That's not exactly Common Lisp's append, because Common Lisp's append can take more than two arguments. It's close enough to demonstrate why all but the last list is copied, though. Now look at what that means in terms of your implementation of rev, though:

(defun rev (l)
  (cond
    ((null l) '())
    (T (append (rev (cdr l)) (list (car l)))))) 

This means that when you're reversing a list like (1 2 3 4), it's like you're:

(append '(4 3 2) '(1))              ; as a result of    (1)
(append (append '(4 3) '(2)) '(1))  ; and so on...      (2)

Now, in line (2), you're copying the list (4 3). In line one, you're copying the list (4 3 2) which includes a copy of (4 3). That is, you're copying a copy. That's a pretty wasteful use of memory.

A more common approach uses an accumulator variable and a helper function. (Note that I use endp, rest, first, and list* instead of null, cdr, car, and cons, since it makes it clearer that we're working with lists, not arbitrary cons-trees. They're pretty much the same (but there are a few differences).)

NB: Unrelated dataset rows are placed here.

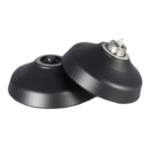 Yoyo Switchbade - obrazek 7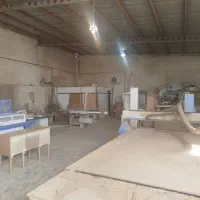 مونتاژ و تولید کمد و سرویس خواب|استخدام صنعتی، فنی، مهندسی|تبریز, |دیوار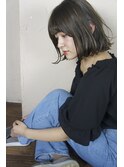 2017　５月スタイル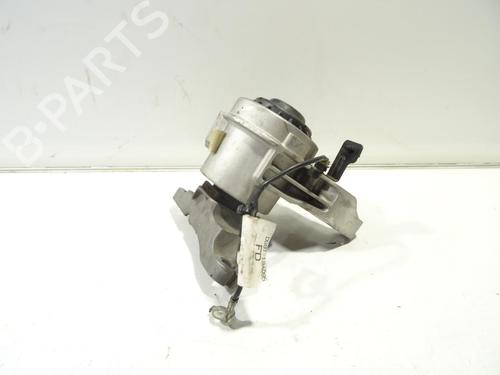 Used Engine mount Engine mount FORD S-MAX (CJ, WA6) 2.0 TDCi 4x4 (150 hp) 32299191 32299191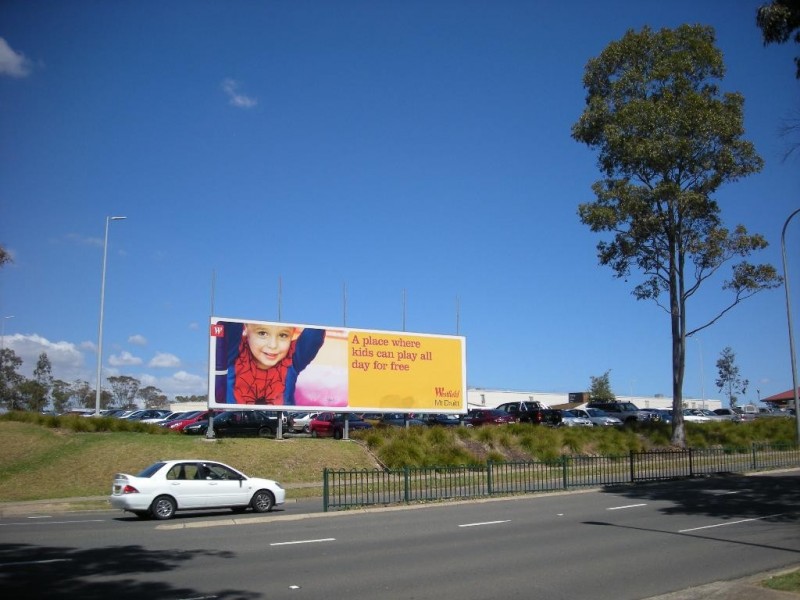 17/28 Luxford Road, Mount Druitt NSW 2770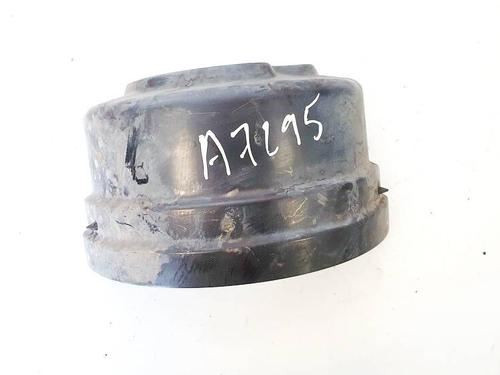 Used Other Other VW GOLF VII (5G1, BQ1, BE1, BE2) 2.0 TDI (150 hp) 32921071 32921071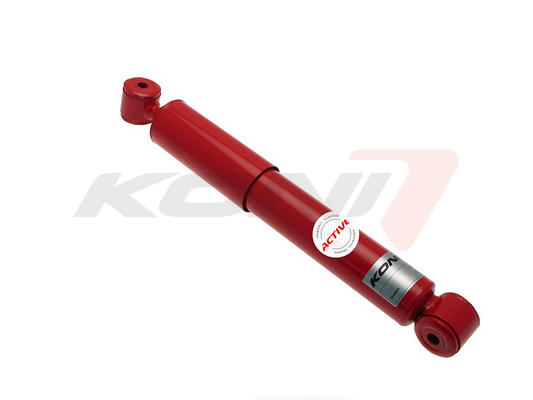 KONI Special Active Toyota RAV4 A3 05-`13, HA (1 Stk)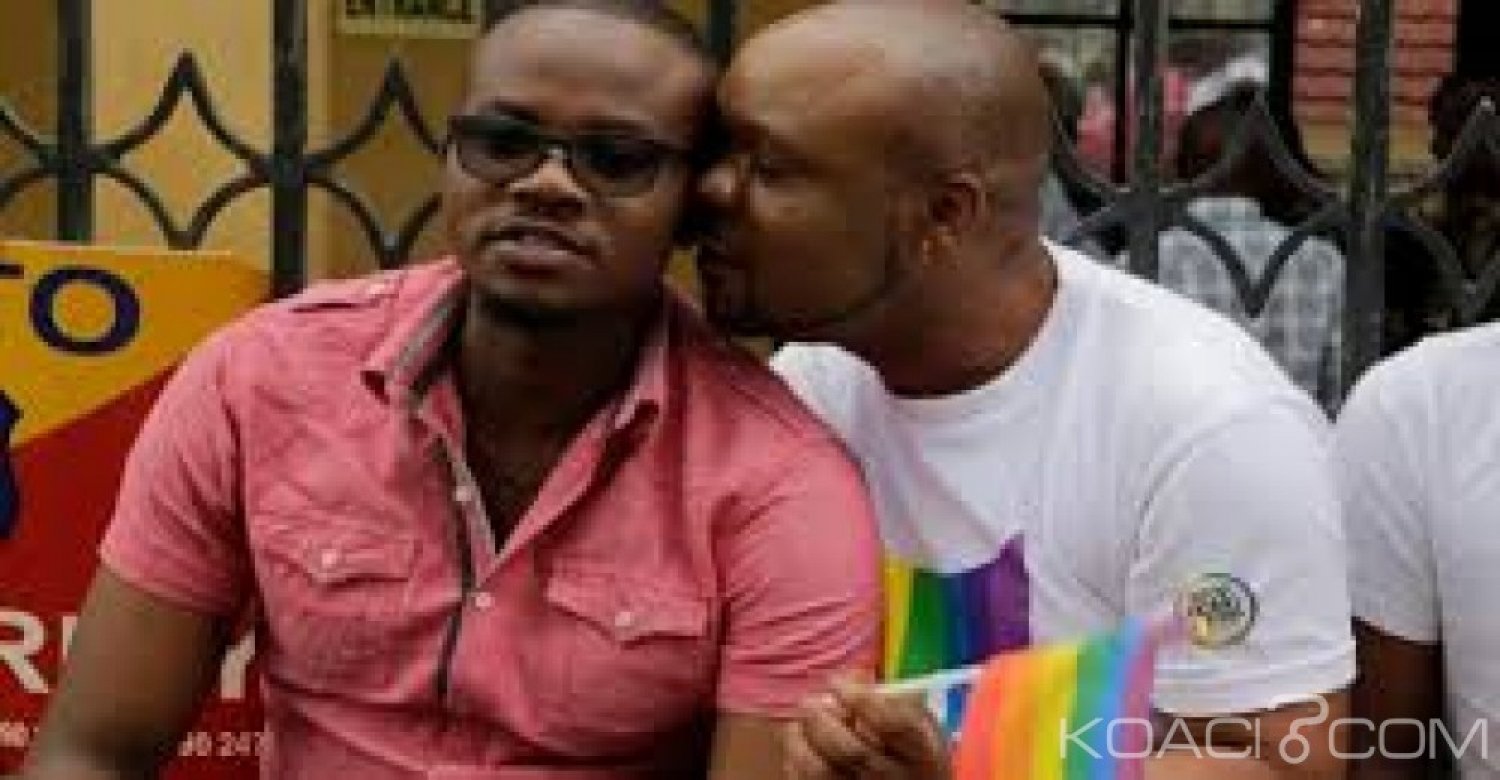 Kenya: La justice refuse d'autoriser l'homosexualité, tout contrevenant s'expose à  14 ans de prison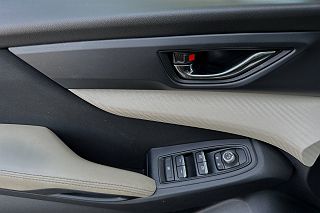 2020 Subaru Ascent Premium 4S4WMAED6L3433708 in Rocklin, CA 11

(defun rev-helper (list reversed)
  "A helper function for reversing a list.  Returns a new list
containing the elements of LIST in reverse order, followed by the
elements in REVERSED.  (So, when REVERSED is the empty list, returns
exactly a reversed copy of LIST.)"
  (if (endp list)
      reversed
      (rev-helper (rest list)
                  (list* (first list)
                         reversed))))

CL-USER> (rev-helper '(1 2 3) '(4 5))
(3 2 1 4 5)
CL-USER> (rev-helper '(1 2 3) '())
(3 2 1)

With this helper function, it's easy to define rev:

(defun rev (list)
  "Returns a new list containing the elements of LIST in reverse
order."
  (rev-helper list '()))

CL-USER> (rev '(1 2 3))
(3 2 1)

That said, rather than having an external helper function, it would probably be more common to use labels to define a local helper function:

(defun rev (list)
  (labels ((rev-helper (list reversed)
             #| ... |#))
    (rev-helper list '())))

Or, since Common Lisp isn't guaranteed to optimize tail calls, a do loop is nice and clean here too:

(defun rev (list)
  (do ((list list (rest list))
       (reversed '() (list* (first list) reversed)))
      ((endp list) reversed)))

Answer 2

In ANSI Common Lisp, you can reverse a list using the reverse function (nondestructive: allocates a new list), or nreverse (rearranges the building blocks or data of the existing list to produce the reversed one).

> (reverse '(1 2 3))
(3 2 1)

Don't use nreverse on quoted list literals; it is undefined behavior and may behave in surprising ways, since it is de facto self-modifying code.